How much can I release in an equity release mortgage?
This will vary depending on your age, the value of your property and which type of plan you are applying for. Paxtons will be provide you with a personalised illustration and talk you through the options possible.
Must I involve my family when deciding about equity release?
While this is not a requirement, Paxtons believe it is important to discuss your plans with your family.
Will an equity release mortgage affect my tax position and/or my entitlement to state benefits?
Cash released from your home is tax-free. However, we feel it is important that you consider these matters, as depending on your personal circumstances, it may affect both your tax and/or benefits situation.
Will I still own my home?
Yes, and you can continue to live in your home until you or your partner (in the case of a joint application), pass away or need to move into long-term care. You should ensure that you maintain the property in good condition and to properly insure your home.
Can I move house in the future?
Our equity release mortgages are portable. This means that you will be able to move house and take the plan with you, if you so choose to do so in the future. The new property would need to meet the same lending criteria at the time and, if your new house is worth less than the current one, you may need to repay some of the loan and interest, with charges.

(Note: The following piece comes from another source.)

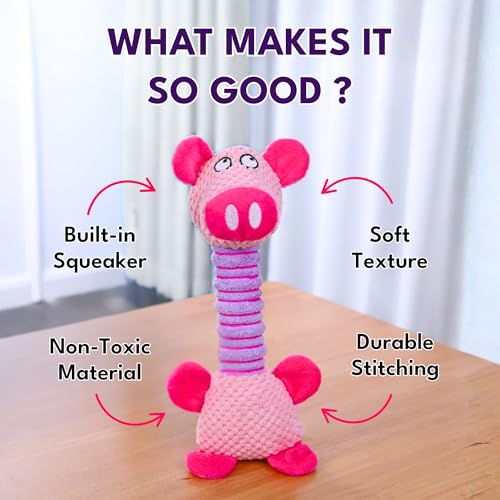 Image of Dog Toys with Sound - Plush Chew & Squeaker & Toy - Interactive Chew Toy - Non-Toxic Play Dog Toy - Small, Medium, & Large Dogs - Long Neck Toys for Dogs (Long Neck Pig (Pink))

There may also be further legal and arrangement fees normally associated with moving house.
Can I end the plan early?
While equity release mortgages are designed to last for the rest of your life, you are able to end the plan early by paying off the loan and the interest. Depending on the plan and the lender, there may be an early repayment charge for this.
Am I able to borrow more if my property increases in value?
This may be possible, subject to lending criteria, your age and interest rates at the time and pending a new valuation of your property.
How is my equity release mortgage paid off?
The mortgage will be repaid when your home is sold. This is usually following your death or your moving into long-term care. In the case of joint-borrowers, this would be when the last surviving partner passes away or moves into long-term care. Any remaining equity in your home, after the loan has been repaid, will belong to you or to your estate.
Who sells the house?
If you go into long-term care then either you, a trusted family member or your solicitor would normally sell the house. If you pass away, then this will be sold by the person looking after your estate.